-------- SOURCE RECORDS --------
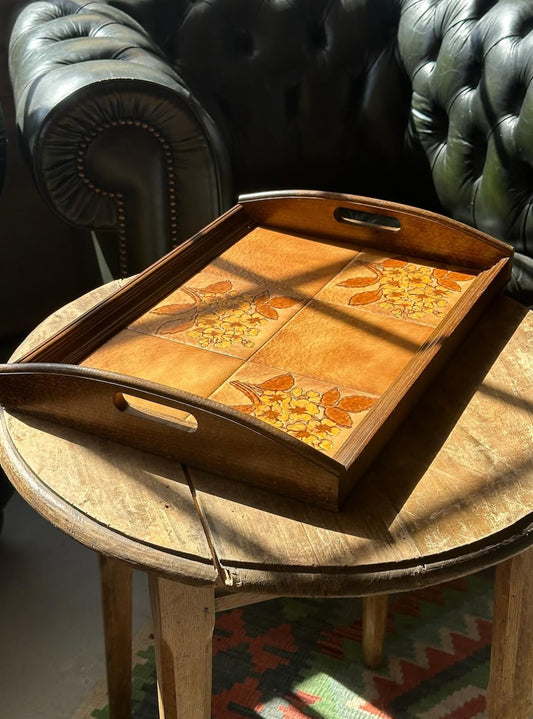 Plateau en bois & carreaux fleuris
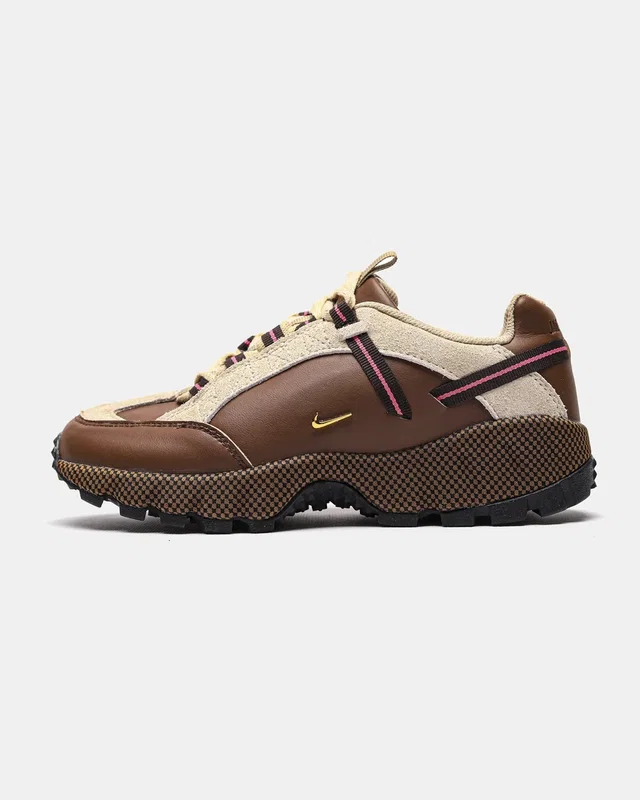 Nike Jacquemus x Nike Air Humara 'Brown' — головне фото товару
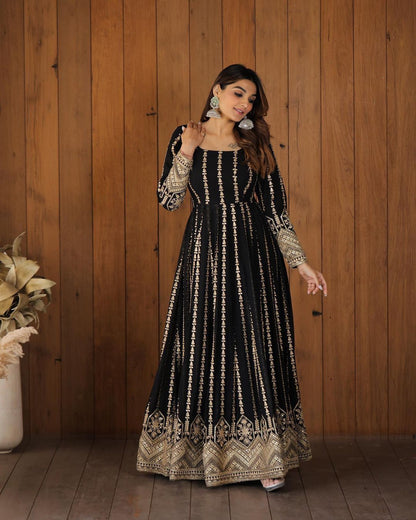 Beautiful Black Color Georgette Designer Gown At Low Price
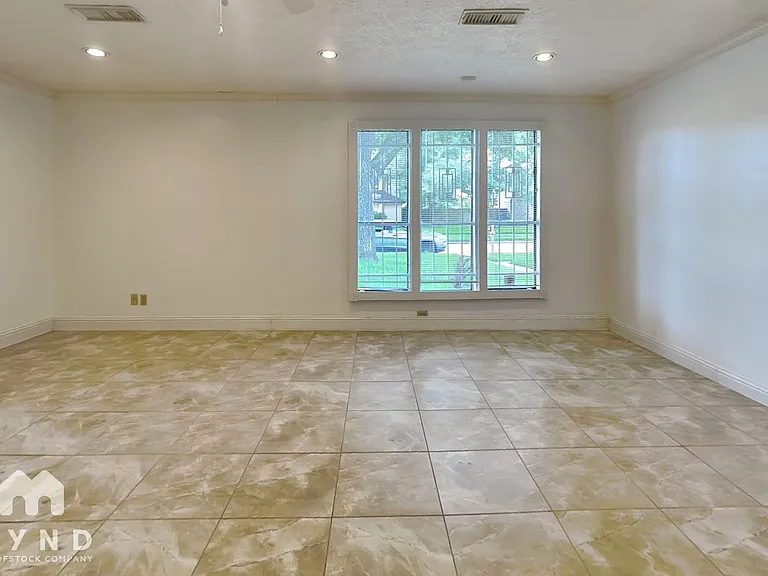 21702 Park York Dr — Photo 2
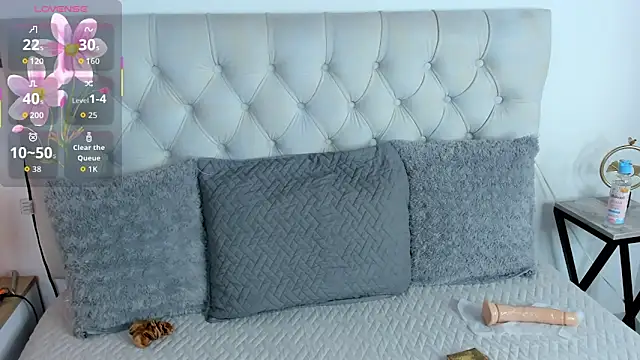 Snapshot of Valkiry_08 chatting on June 21, 2026, 4:37 am Valkiry 08 online show from June 21, 2026, 4:37 am
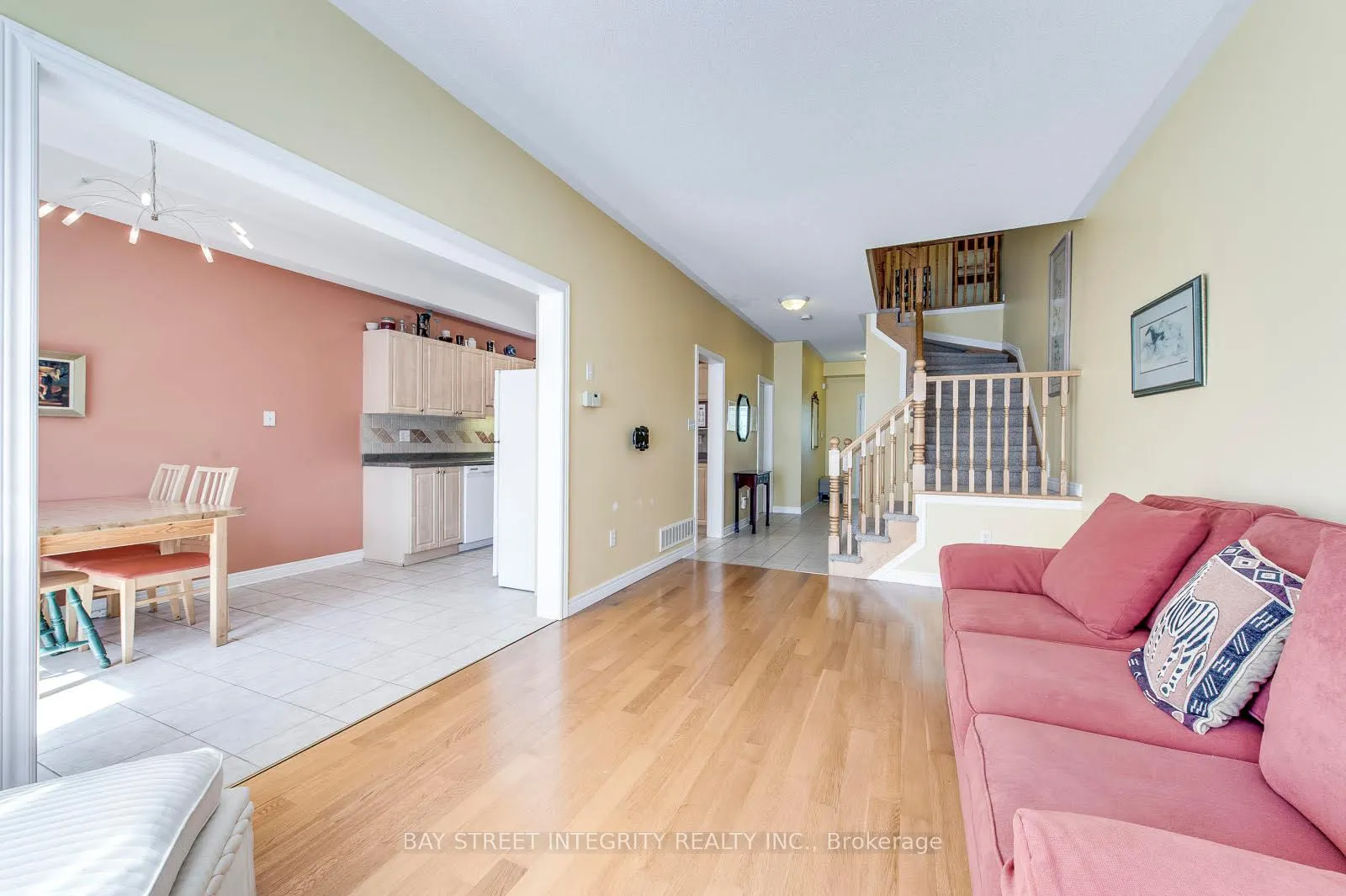 Photo 9 of 5326 Dryden Avenue, Burlington, Rose — HOMEH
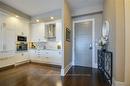 4802-300 Front St W, Toronto, ON  - Indoor Photo Showing Kitchen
--------
#### [EXERCISE AIM]
Can the entries above be repeated exactly, without their pictures?

#### [EXPECTED ANSWER]
 Plateau en bois & carreaux fleuris
 Nike Jacquemus x Nike Air Humara 'Brown' — головне фото товару
 Beautiful Black Color Georgette Designer Gown At Low Price
 21702 Park York Dr — Photo 2
 Snapshot of Valkiry_08 chatting on June 21, 2026, 4:37 am Valkiry 08 online show from June 21, 2026, 4:37 am
 Photo 9 of 5326 Dryden Avenue, Burlington, Rose — HOMEH
 4802-300 Front St W, Toronto, ON  - Indoor Photo Showing Kitchen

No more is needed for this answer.